A Congolese child is seen in the arms of an Ethiopian soldier, listening over a field telephone, Katanga, 1 March 1963. Note his American-made M1 Garand
The 25,000 soldiers from 25 countries serving as part of ONUC in the Congo from July 1960 to April 1963 included the Ethiopian 3rd Brigade.
Drawn from the Imperial Bodyguard, with the unit’s elite 4th Tekel Battalion being reviewed by Emperor Haile Selassie in Addis Ababa on 25 July 1960 before their departure for Stanleyville, they were well-respected as being a professional force.

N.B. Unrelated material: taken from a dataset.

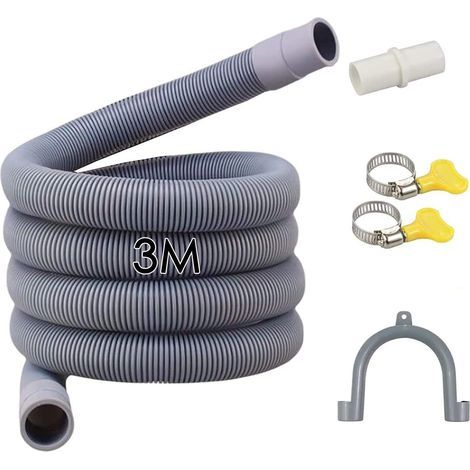 Tuyau Lave-Linge 3m, Rallonge de Tuyau de Vidange, Tuyau Vidange pour Machine à Laver, Avec Raccord Tuyau Vidange et 2 Clips Tuyau , Pour Laveuse, Lave-Vaisselle et Sécheuse (3M) (1/5)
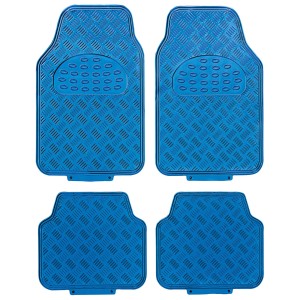 TAPIS CAOUTCHOUC LOOK ALU 4PCES BLEU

The Ethiopians would subsequently be involved in the whole Katanga affair in 1961 alongside Swedish and Irish troops and see a good deal of action.
The Ethiopian force grew to some 3,500 by 1962 with Ethiopian Lt. Gen. Kebbede Guebre made commander of the entire division-sized ONCU peacekeeping effort from April 1962 to July 1963.
Rebuilt after WWII and Italian occupation with the help of U.S. and British aid, the Imperial Ethiopian Army made extensive use of 1940s American kit and small arms, sending the 1st, 2nd, and 3rd Kagnew Battalions to fight in Korea in the 1950s. The new gear replaced a hodgepodge of old German Mausers, some as old as Kar88 models, and relatively newer British SMLEs picked up during the war.
Once back from the Congo, the Ethiopians would see combat in the Ogaden before going on to switch polarity to Moscow once the Derg seized power from the Volkswagon-driving Emperor in 1974, after which the AK became the standard infantry arm.
These days, GAEC produces the AK-103 rifle under license in Ethiopia from Kalashnikov.
Meanwhile, in an echo to the past, Ethiopian-produced .30-06 M1 food appears on the surplus market from time to time with mixed reviews. Notably, it all seems to be minted prior to 1974.